Each commit message consists of a **header**, a **body** and a **footer**. The header has a special
format that includes a **type**, a **scope** and a **subject**:

```
<type>(<scope>): <subject>
<BLANK LINE>
<body>
<BLANK LINE>
<footer>
```

The **header** is mandatory and the **scope** of the header is optional.

Any line of the commit message cannot be longer than 100 characters! This allows the message to be easier
to read on GitHub as well as in various git tools.

Footer should contain a [closing reference to an issue](https://help.github.com/articles/closing-issues-via-commit-messages/) if any.

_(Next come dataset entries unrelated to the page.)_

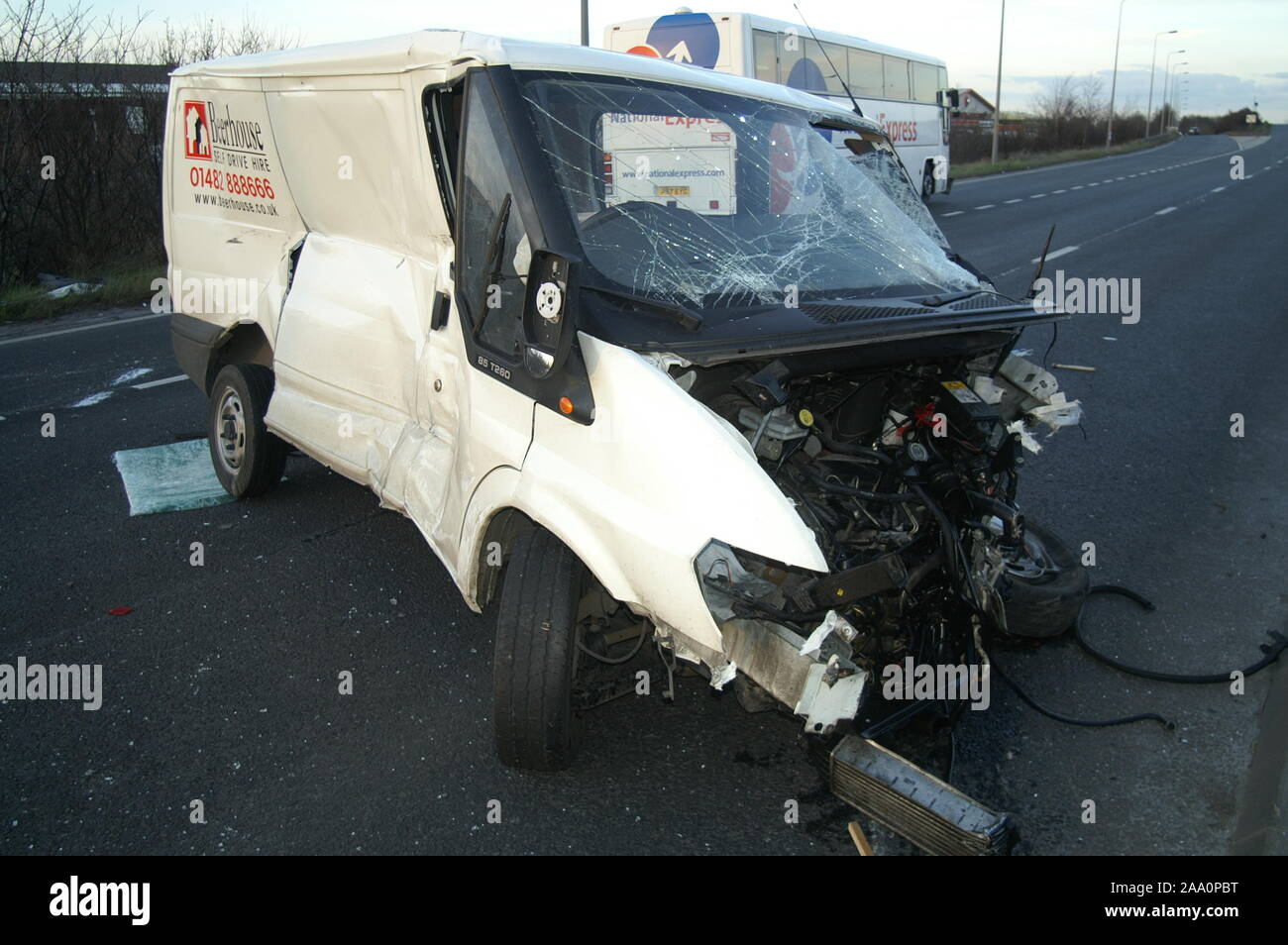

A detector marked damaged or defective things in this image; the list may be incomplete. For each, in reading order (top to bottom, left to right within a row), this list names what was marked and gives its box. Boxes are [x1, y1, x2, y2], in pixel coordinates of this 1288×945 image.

smashed windshield [511, 74, 975, 309]
detached wheel [208, 361, 285, 497]
wrecked white van [165, 31, 1078, 856]
detached wheel [489, 527, 583, 769]
detached wheel [995, 519, 1086, 638]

Samples: (even more [samples](https://github.com/sfajs/cli/commits/main))

### Revert

If the commit reverts a previous commit, it should begin with `revert:`, followed by the header of the reverted commit. In the body it should say: `This reverts commit <hash>.`, where the hash is the SHA of the commit being reverted.

### Type

Must be one of the following:

- **build**: Changes that affect the build system or external dependencies (example scopes: typescript, npm)
- **chore**: Updating tasks etc; no production code change
- **ci**: Changes to our CI configuration files and scripts (example scopes: Actions, codecov)
- **docs**: Documentation only changes
- **feat**: A new feature
- **fix**: A bug fix
- **perf**: A code change that improves performance
- **refactor**: A code change that neither fixes a bug nor adds a feature
- **style**: Changes that do not affect the meaning of the code (white-space, formatting, missing semi-colons, etc)
- **test**: Adding missing tests or correcting existing tests
- **sample**: A change to the samples

### Scope

The scope should be the name of the npm package affected (as perceived by person reading changelog generated from commit messages.

### Subject

The subject contains succinct description of the change:

- use the imperative, present tense: "change" not "changed" nor "changes"
- don't capitalize first letter
- no dot (.) at the end

### Body

Just as in the **subject**, use the imperative, present tense: "change" not "changed" nor "changes".
The body should include the motivation for the change and contrast this with previous behavior.

### Footer

The footer should contain any information about **Breaking Changes** and is also the place to
reference GitHub issues that this commit **Closes**.

**Breaking Changes** should start with the word `BREAKING CHANGE:` with a space or two newlines. The rest of the commit message is then used for this.